Originally from Ashe County, North Carolina, Ham and his oldest son, Charles from a previous marriage, fought for the Confederacy in the Civil War. After the war, Charles was never heard from again, but Ham made it home to North Carolina only to find himself in poor health and his farm in badly need of major repair. So...he and Jennie packed up their children and set off for the newly formed state of West Virginia.
In addition to Charles, Ham had another son from his previous marriage named James Frank, who went by Frank. Jennie, having also been previously married, brought with them her youngest daughter, Clarissa (Clara/Kate). The family was also comprised of two other children shared by both Ham and Jennie, Jefferson David (David) and Robert Lee (Lee).
In West Virginia, they bought some land from whom it is believed to be Peter Belcher, which quickly became known as Bower’s Ridge. While in WV, two more children were born to the couple, Wiley Columbus and Cynthia.
Ham’s health never did improve, and in 1869 cousins came and took him back to North Carolina where he died and was buried. Jennie and the rest of the family stayed in West Virginia. Jennie died in 1902. With the exception of only one son, the rest of the couple’s children are buried in the family cemetery.

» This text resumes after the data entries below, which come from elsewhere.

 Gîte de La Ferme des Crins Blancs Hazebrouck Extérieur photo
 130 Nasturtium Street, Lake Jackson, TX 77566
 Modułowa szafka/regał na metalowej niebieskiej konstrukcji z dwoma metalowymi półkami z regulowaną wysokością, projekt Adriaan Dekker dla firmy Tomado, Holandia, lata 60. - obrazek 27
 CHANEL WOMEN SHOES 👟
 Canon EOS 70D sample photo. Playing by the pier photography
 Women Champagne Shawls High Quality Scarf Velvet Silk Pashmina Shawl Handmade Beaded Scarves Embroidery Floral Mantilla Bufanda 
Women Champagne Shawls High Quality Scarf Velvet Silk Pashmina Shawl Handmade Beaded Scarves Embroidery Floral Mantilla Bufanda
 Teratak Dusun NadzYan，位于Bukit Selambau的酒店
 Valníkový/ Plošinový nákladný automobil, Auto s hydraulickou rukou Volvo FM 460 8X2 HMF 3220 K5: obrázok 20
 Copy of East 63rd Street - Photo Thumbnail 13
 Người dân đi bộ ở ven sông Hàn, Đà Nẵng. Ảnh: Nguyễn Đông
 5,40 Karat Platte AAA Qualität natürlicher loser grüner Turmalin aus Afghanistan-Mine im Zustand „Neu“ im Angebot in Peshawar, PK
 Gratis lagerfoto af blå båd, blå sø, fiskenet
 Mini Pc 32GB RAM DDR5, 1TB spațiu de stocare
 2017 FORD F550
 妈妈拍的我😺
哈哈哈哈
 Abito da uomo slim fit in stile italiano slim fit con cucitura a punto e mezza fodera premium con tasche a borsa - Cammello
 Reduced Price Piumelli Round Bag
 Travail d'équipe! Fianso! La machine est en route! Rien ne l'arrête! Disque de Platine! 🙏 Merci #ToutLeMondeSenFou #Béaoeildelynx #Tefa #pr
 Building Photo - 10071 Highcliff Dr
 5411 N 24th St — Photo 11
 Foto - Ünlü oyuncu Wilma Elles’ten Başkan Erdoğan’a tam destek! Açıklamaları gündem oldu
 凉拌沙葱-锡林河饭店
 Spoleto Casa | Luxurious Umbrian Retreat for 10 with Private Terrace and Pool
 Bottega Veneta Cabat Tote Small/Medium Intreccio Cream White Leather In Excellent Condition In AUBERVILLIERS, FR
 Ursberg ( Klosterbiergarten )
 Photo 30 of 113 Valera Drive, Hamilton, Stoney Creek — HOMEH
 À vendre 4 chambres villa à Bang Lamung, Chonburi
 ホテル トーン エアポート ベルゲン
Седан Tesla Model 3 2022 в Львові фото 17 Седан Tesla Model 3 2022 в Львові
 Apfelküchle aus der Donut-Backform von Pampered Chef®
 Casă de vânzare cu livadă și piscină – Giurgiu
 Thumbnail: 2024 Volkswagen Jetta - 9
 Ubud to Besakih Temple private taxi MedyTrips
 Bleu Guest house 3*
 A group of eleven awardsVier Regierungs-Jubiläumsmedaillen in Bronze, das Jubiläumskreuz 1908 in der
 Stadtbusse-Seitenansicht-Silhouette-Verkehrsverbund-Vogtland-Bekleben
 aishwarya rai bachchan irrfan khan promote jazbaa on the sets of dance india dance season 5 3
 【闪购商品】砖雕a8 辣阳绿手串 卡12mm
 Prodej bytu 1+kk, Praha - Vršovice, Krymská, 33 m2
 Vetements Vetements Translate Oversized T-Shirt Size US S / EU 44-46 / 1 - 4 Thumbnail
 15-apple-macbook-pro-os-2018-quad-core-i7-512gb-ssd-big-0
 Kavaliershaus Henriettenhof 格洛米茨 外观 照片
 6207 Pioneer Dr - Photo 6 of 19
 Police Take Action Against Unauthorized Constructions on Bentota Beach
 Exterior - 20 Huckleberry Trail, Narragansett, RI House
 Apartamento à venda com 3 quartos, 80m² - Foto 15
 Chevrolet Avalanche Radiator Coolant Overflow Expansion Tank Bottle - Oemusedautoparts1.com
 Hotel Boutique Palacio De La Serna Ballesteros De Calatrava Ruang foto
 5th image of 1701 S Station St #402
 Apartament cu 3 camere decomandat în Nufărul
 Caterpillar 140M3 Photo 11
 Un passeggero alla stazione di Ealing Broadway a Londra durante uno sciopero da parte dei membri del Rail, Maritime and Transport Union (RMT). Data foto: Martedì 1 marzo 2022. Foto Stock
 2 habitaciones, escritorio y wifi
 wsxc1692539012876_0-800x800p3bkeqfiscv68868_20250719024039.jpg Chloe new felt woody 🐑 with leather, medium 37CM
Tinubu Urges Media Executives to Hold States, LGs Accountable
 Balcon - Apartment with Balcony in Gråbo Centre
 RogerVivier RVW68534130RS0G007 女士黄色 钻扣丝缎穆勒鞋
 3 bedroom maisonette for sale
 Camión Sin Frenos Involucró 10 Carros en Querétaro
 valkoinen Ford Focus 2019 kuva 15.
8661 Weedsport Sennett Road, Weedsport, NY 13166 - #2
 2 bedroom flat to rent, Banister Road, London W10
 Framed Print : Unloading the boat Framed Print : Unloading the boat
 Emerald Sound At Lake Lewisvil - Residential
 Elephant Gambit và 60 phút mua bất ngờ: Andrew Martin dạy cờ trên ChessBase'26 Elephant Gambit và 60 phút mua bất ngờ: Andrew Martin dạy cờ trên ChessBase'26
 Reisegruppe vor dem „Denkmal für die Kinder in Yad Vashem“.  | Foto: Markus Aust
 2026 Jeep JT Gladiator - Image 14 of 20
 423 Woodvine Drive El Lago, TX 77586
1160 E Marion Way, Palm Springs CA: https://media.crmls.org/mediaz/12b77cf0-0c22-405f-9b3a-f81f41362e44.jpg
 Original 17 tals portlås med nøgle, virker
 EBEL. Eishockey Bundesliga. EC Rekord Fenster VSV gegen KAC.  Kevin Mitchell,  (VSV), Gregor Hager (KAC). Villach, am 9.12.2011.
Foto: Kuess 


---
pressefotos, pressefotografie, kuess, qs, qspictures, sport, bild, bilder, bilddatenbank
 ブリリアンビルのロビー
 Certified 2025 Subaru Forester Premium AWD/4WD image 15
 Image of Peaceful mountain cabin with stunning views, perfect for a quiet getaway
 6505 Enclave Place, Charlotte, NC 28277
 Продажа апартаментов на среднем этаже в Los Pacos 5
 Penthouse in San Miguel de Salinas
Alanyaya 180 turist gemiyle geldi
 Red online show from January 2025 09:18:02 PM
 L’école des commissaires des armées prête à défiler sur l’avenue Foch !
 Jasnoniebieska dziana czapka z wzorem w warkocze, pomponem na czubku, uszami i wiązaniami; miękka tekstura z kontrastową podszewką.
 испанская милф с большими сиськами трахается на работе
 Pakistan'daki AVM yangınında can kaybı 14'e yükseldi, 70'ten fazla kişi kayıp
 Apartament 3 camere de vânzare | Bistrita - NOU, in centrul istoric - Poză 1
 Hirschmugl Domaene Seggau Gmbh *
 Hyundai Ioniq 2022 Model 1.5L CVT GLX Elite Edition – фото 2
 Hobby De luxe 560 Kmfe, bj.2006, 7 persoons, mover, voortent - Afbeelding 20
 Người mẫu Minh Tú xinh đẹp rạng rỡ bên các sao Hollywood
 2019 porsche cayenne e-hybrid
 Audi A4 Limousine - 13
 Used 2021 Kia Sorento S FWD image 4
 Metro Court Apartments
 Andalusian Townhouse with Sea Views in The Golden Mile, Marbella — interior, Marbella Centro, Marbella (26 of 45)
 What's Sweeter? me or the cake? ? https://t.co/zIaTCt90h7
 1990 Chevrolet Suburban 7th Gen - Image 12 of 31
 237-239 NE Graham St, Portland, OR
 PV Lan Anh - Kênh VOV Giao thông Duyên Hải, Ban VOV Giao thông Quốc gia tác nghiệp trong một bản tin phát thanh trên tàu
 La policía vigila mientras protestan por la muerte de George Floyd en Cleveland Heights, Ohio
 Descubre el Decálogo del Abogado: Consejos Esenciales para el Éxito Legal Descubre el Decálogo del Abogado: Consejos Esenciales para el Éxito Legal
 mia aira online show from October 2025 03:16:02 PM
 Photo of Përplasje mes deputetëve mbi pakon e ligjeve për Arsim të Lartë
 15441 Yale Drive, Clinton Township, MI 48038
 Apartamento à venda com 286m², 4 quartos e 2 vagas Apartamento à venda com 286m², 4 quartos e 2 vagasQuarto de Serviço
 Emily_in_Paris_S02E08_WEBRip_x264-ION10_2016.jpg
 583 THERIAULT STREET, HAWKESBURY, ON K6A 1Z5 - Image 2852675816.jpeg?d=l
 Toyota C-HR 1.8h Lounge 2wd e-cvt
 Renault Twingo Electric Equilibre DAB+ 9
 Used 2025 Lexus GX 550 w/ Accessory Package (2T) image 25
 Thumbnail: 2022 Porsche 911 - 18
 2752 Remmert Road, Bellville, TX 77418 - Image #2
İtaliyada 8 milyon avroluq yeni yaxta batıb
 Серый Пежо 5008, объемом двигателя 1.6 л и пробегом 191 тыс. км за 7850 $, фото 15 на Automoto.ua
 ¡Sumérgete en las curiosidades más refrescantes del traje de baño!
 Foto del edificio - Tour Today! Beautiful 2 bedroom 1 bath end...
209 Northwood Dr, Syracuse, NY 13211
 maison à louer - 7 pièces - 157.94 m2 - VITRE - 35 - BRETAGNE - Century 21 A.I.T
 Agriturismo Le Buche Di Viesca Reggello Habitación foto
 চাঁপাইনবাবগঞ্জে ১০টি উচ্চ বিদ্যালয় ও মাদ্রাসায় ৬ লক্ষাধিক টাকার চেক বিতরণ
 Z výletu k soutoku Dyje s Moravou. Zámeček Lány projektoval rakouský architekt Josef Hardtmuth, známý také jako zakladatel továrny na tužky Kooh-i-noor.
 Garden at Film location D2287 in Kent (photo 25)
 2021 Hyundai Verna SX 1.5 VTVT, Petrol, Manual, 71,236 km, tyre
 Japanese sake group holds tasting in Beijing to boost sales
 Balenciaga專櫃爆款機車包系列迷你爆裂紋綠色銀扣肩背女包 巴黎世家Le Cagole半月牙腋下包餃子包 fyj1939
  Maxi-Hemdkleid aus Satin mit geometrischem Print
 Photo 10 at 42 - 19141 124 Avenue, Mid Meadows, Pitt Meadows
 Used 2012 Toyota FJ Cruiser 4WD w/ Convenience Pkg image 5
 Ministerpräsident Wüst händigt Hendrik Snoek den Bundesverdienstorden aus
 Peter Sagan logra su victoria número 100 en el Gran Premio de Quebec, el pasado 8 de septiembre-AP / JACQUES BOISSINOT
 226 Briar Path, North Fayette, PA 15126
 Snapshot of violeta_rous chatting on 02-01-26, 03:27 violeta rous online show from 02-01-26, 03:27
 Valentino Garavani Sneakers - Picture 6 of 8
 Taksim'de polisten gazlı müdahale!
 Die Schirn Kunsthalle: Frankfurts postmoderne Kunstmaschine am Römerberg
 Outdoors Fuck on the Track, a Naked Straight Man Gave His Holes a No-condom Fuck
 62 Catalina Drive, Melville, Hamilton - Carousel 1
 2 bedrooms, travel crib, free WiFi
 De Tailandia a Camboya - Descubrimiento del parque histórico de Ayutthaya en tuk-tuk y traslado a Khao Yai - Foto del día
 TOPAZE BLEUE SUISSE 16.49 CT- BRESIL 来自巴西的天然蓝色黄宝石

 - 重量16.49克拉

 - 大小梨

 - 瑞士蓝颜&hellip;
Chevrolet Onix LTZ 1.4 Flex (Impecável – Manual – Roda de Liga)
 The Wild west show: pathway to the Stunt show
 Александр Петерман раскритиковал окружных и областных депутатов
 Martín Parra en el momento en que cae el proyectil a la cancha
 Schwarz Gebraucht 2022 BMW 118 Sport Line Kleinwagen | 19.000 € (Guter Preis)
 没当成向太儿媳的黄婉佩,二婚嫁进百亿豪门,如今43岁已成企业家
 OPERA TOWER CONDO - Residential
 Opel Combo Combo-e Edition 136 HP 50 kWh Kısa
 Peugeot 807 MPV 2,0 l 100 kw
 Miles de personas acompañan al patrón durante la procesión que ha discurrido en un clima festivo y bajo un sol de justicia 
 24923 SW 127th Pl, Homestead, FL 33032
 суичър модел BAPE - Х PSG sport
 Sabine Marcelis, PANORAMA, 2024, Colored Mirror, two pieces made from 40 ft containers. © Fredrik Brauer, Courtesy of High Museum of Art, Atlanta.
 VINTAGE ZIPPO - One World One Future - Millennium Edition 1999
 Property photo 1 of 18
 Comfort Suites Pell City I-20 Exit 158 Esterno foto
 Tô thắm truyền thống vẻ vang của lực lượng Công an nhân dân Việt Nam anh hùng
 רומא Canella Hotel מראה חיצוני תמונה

In 1895, Wiley married Christina (Teenie/Tina) Belcher and took over the house and the farm. In 1915, presumably to make room for the couple’s 10+ children, Wiley expanded the original house, building a 7 room frame structure around the cabin. Wiley died in 1959, and when the state began clearing land for the new state park, plans were to demolish the house. As demolition began around 1965, the original house was discovered and it was decided that it should be preserved. Today, it boasts the title of one of the county’s oldest standing structures.
Today, both the cabin and the Bower family cemetery are rumored to be haunted.